Employment at accommodation and food services companies was still 33% lower in December than it was in February 2020, according to a new analysis by economist James Parrott of the New School. That is triple the size of the 11% loss nationally, he wrote.

 

The dragging jobs recovery points to the reality that even this 2022 occupancy high point is a measured victory, according to Vijay Dandapani, Hotel Association of New York president and chief executive officer.

 

That is visible in a different metric Dandapani follows—revenue per available room, known as revPAR. For the week ending Feb. 19, revPAR was $105, up from $102 the previous week; in February of 2019 and 2020, it was nearly $150.

 

“Before the omicron variant delayed a comeback, conservative estimates projected a full recovery for the hotel industry in 2025,” said Dandapani, “and now it could be even longer. Make no mistake: Hotels are struggling.”

 

The slow start to the year caused NYC & Company, the city’s official travel agency, to revise its projection for the year downward. It had predicted in the fall that there would be 57.8 million visitors this year, down from 66.6 million in 2019. It now expects 56.5 million tourists this year.

 

In January of 2019 and 2020, by comparison, occupancy was 71% before jumping 5 or 6 percentage points in February.
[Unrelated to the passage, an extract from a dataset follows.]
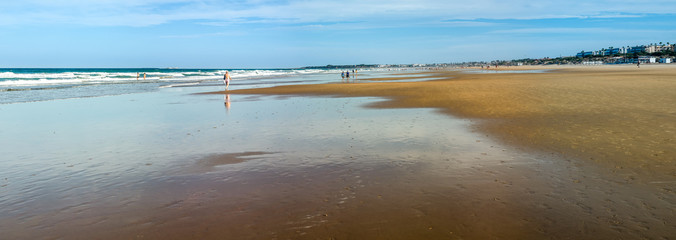 La Barrosa beach in Sancti Petri, Cádiz, with a large amount of sand without water as the tide is low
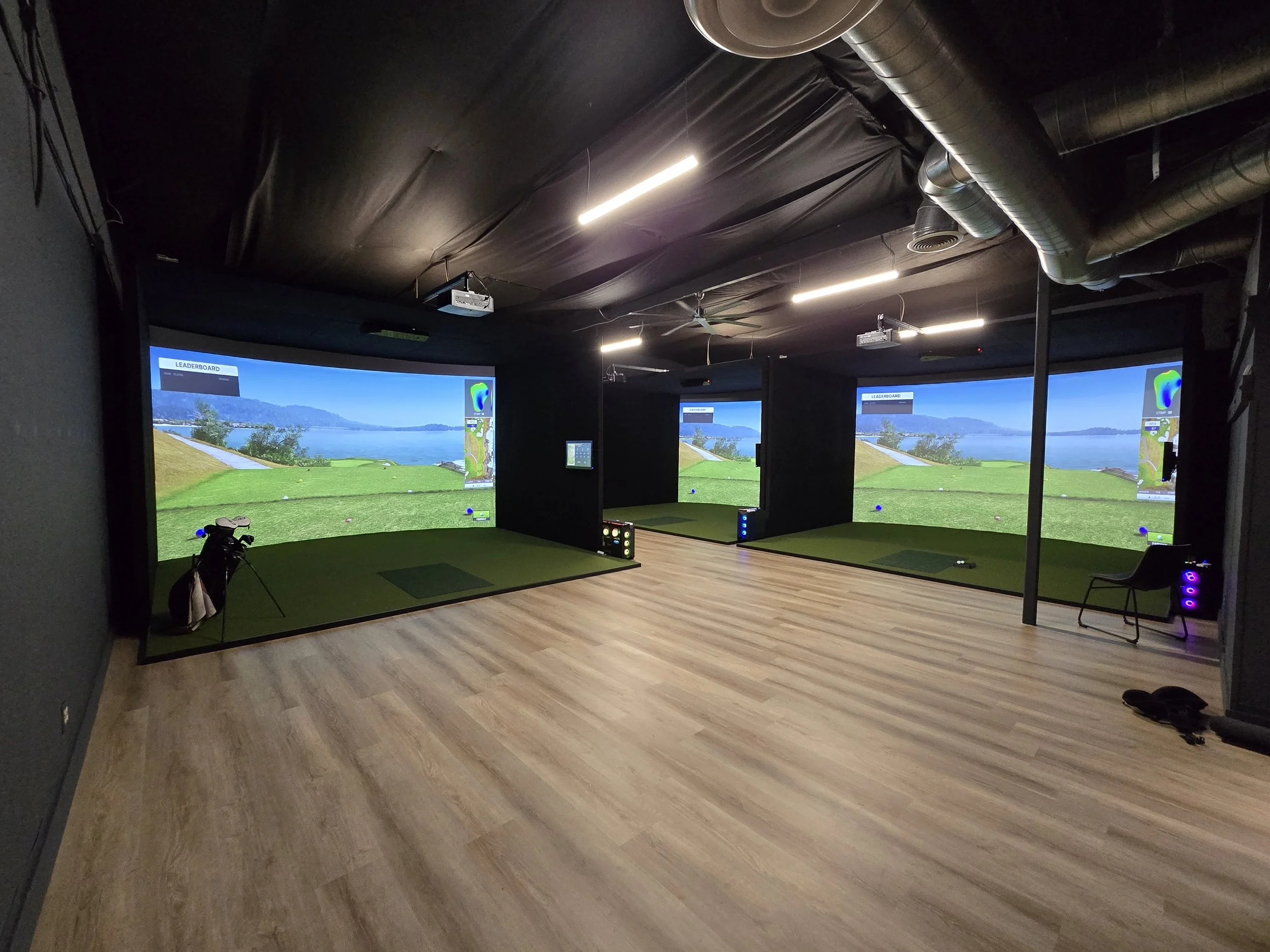 Indoor golf simulation room with three screens showing a virtual golf course. Each station has a putting green, golf clubs, and seating area.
Last year the highest monthly occupancy for the year was 72.4%.

 

There is impressive demand looking forward, according to hotel general manager John Beck of the Crowne Plaza HY36. He said 17 days in April are already fully booked, and he projected that the hotel will be above 90% occupancy for that month, driven by group bookings for both leisure and business travel.

 

In November, Gov. Kathy Hochul allocated $250 million to tourism recovery, including marketing the city to potential visitors, supporting business-focused travel and granting $5,000 per additional employee to companies that brought back laid-off workers or hired others.